打从他从娘胎里出来24年,敢把他关黑名单,还一关就关这么久的。
安姒是头一个。
厉远对着手机黑屏,低声自嘲一笑。
真当他耐心大呢?
厉远去安姒办公室转了一圈,没人。
今天开报告会,“投资嘉”的项目组工作暂停一天。问过老孙了,说安姒今天没课了。
人没课,八成回教师宿舍了。
再问老孙,人住哪?
孙直照死活不说了,一副烈士模样。
厉远没功夫跟他磨,不说就不说。
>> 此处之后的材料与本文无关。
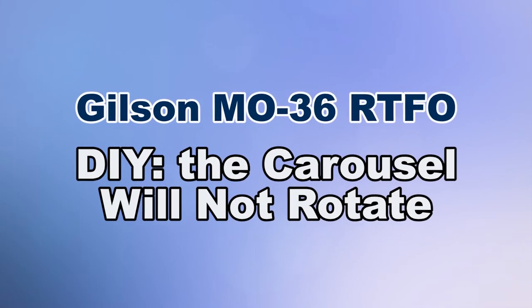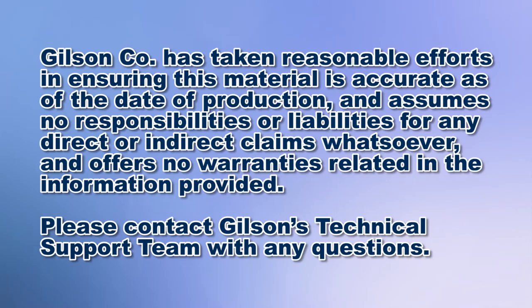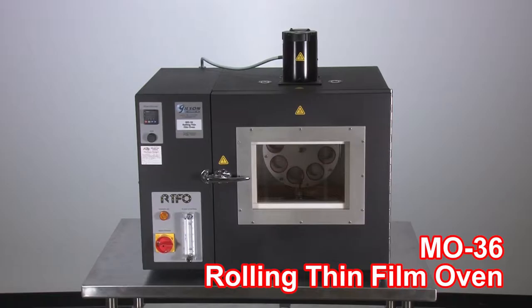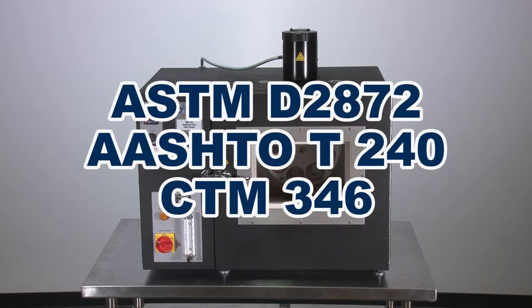The Gilson Rolling Thin Film Oven features advanced design, durable construction, and repeatable accuracy in measuring the effects of heat on asphalt binder specimens, in accordance with ASTM and AASHTO test specifications.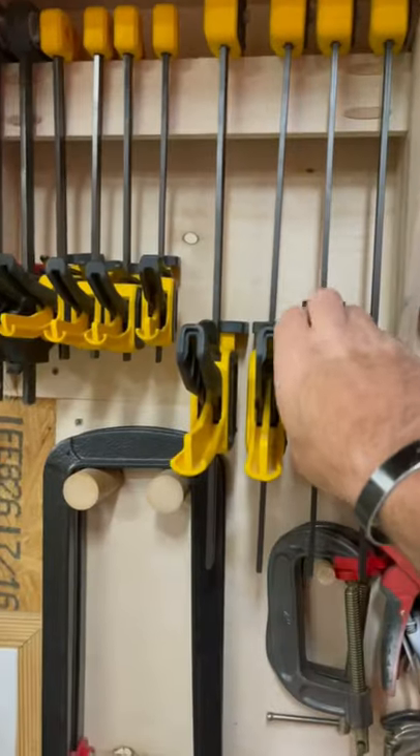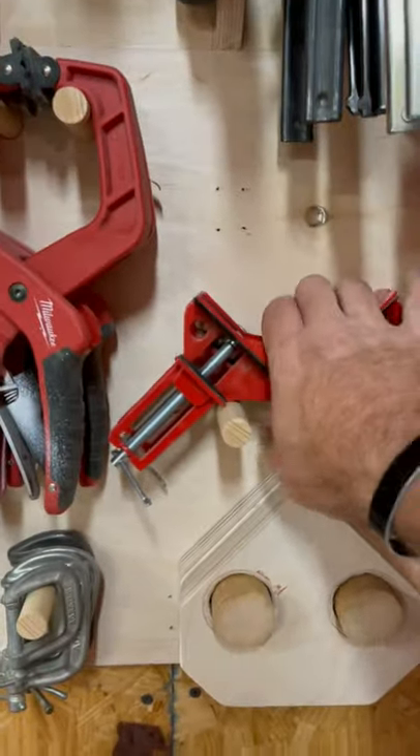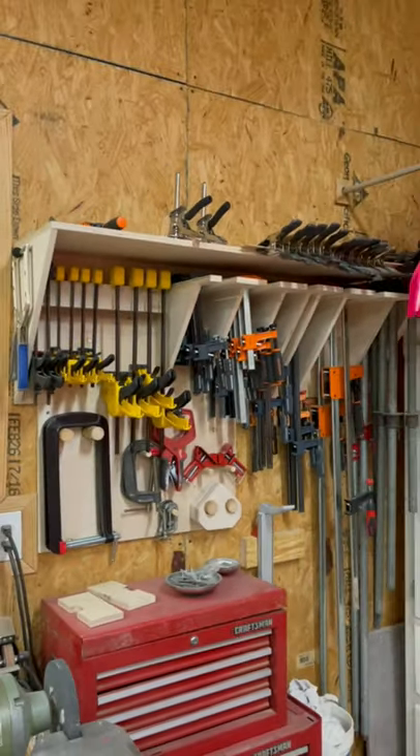Here's my trigger clamps, spring clamps, and we've got some C-clamps held up by some dowel rods glued in with CA glue. So there's my clamp storage.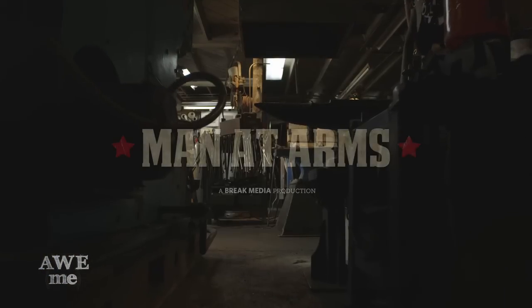I've been a blacksmith armorer for over 30 years. I've created weapons for over 200 feature films. This is Man at Arms.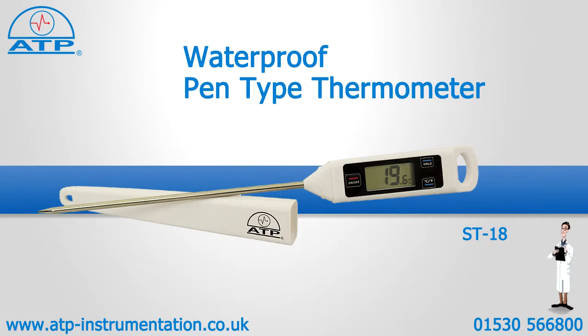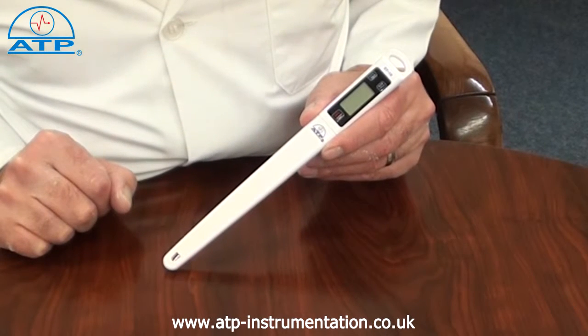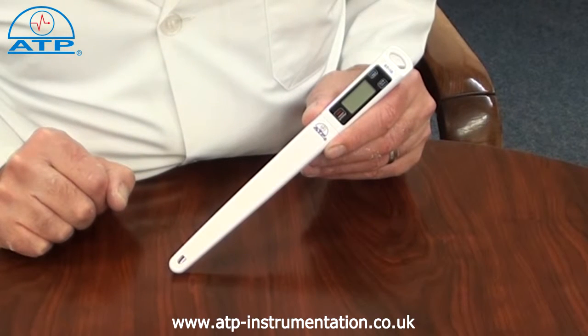An introduction to the waterproof pentite thermometer. It is supplied with a probe-protector sheath and button cell battery. This instrument is ideal for temperature monitoring of liquids and semi-solid items such as food.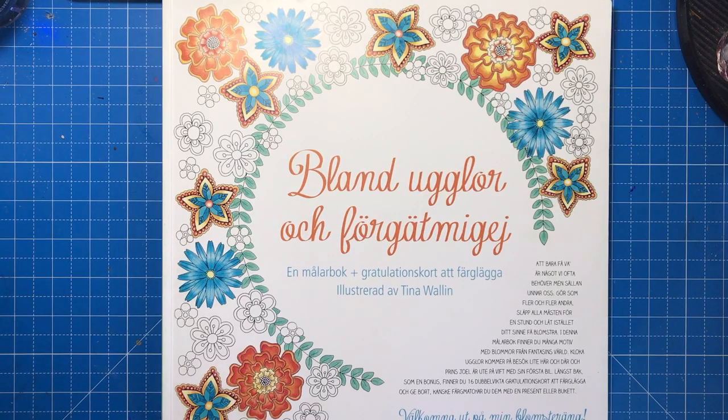Hello and welcome to another colouring book review from Colour with Clare. If you enjoy my reviews please don't forget to click subscribe and the little bell to notify you every time I post.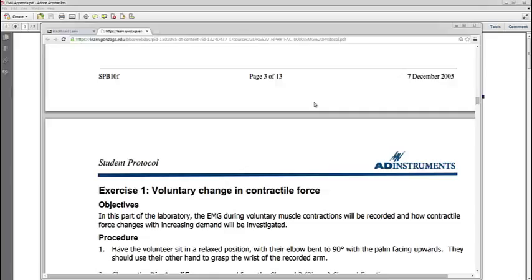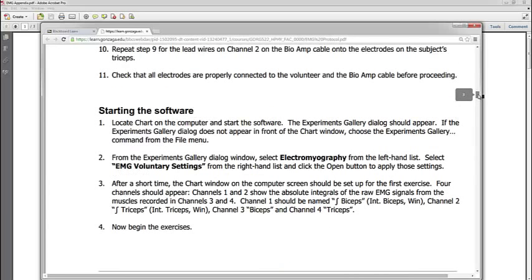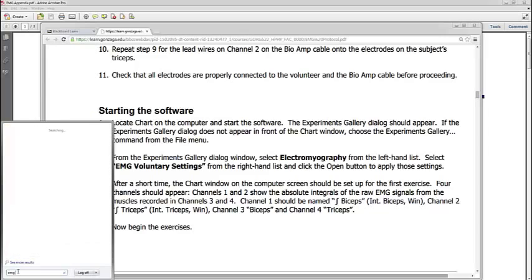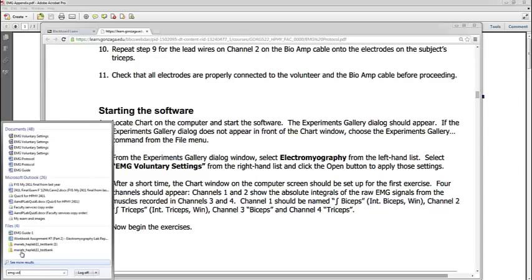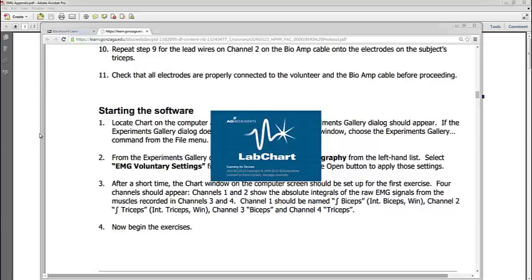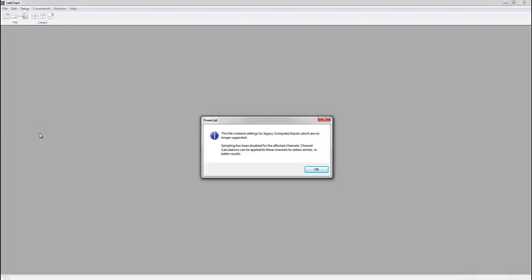For the first exercise, follow the instructions to connect your subject by connecting the electrodes to the biceps brachii and the triceps brachii in the arm. You'll also have attached the dry earth strap to the wrist. What I'm going to do again is just type in 'voluntary settings' in the search bar — EMG voluntary — and there, voluntary settings pops up. I'm going to click on that now that I have my subject hooked up, and click OK.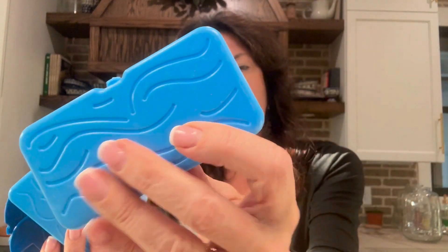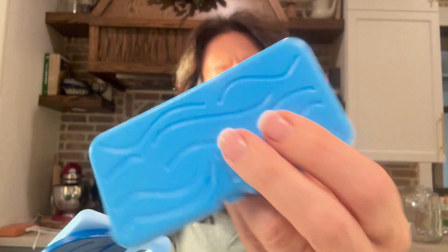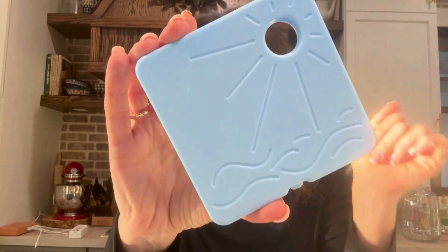Hey, I want to show off this set of four freezer packs. These are kind of a sensory set of freezer packs, so they have different designs on them. This one is more of a water scheme — it has the whale or the little dolphin here. And then you can see them there. This is just more of like a water scene.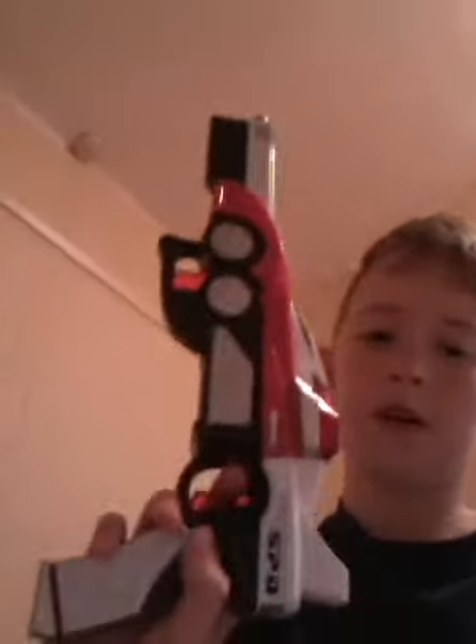I'm gonna do a review of the Power Rangers SPD Red Ranger.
他知道安姒教师宿舍的小区,他看她进去过。
千里姻缘还一线牵呢。
几步路的破小区,远爷还翻不出一个人来吗?
打定了主意,厉远提脚就往教师宿舍方向走。
等过交通灯,踏着斑马线,穿过人行横道,厉远走得可守规矩了。
他想,安姒肯定也是这
样过马路的。
安安静静看着红绿灯跳闪,哪怕只剩下最后几秒,也绝不抢灯。
等到绿灯稳定了,她也一定是这样,踏着斑马线一点一点走到马路对面。
想到这些,厉远觉得脚下的斑马线都变漂亮了。
他双手插进兜里,步子轻快,吹着口哨,很快就到了教师宿舍小区门口,黑体老旧牌匾被爬墙虎遮去了大半,依稀可见“c大教职工生活小区”几个字。